Have you seen the commercial for Rosetta Stone? I know the software is popular, and I've heard it's effective, but the commercial gets me every time.
An attractive woman strolls casually through an immaculate home that just happens to have the Rosetta Stone package sitting all alone on a lovely glass-topped table, nowhere near a computer. She delivers her lines with a look on her face that tells you she doesn't buy any of your excuses. "Are you one of those people who think you just can't learn a new language? It's not that you can't learn . . . "
Now, tell me, don't you just hear your parents finishing that sentence over and over again, regarding algebra, world history, geography, spelling, chemistry, or whatever subject it was in school that tortured you day in, day out? And they never finished that sentence in a way that made your mental block someone else's fault, did they? It was never the teacher, or the text book, was it? Nope, it was always your fault you couldn't learn That Subject.
Of course, the Attractive Woman Selling Rosetta Stone goes on to assure you that if you just tried this software, you could dance linguistic circles around Dr. Daniel Jackson ("I speak twenty-four languages. Pick one.").

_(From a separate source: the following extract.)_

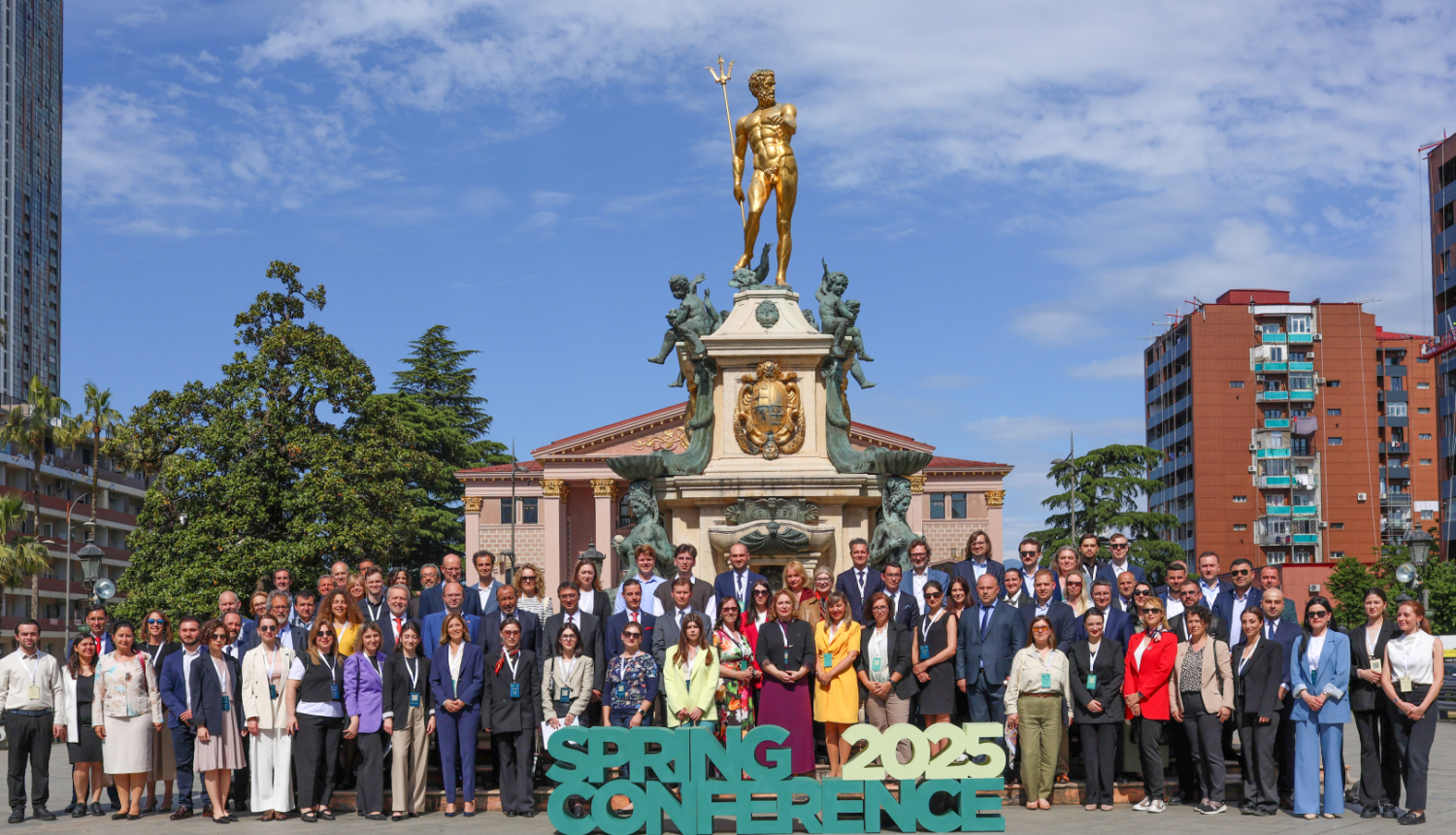 Foto ar konferences dalībniekiem pie Batumi teātra ēkas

But let's insert some reality, shall we? After all, she's probably somebody's mother. "It's not that you can't learn, it's that you won't learn." If you would just turn off the radio and crack those books . . . If you would shut off the tv and get started, already . . . If you would quit wasting time on the internet and do something productive, for a change . . . If you would just buckle down and apply yourself . . . you would finally master Spanish/French/German/Mandarin/Russian/Japanese/Swahili once and for all.
Hmmm. Then again, I'm the kid that got in trouble for reading in school.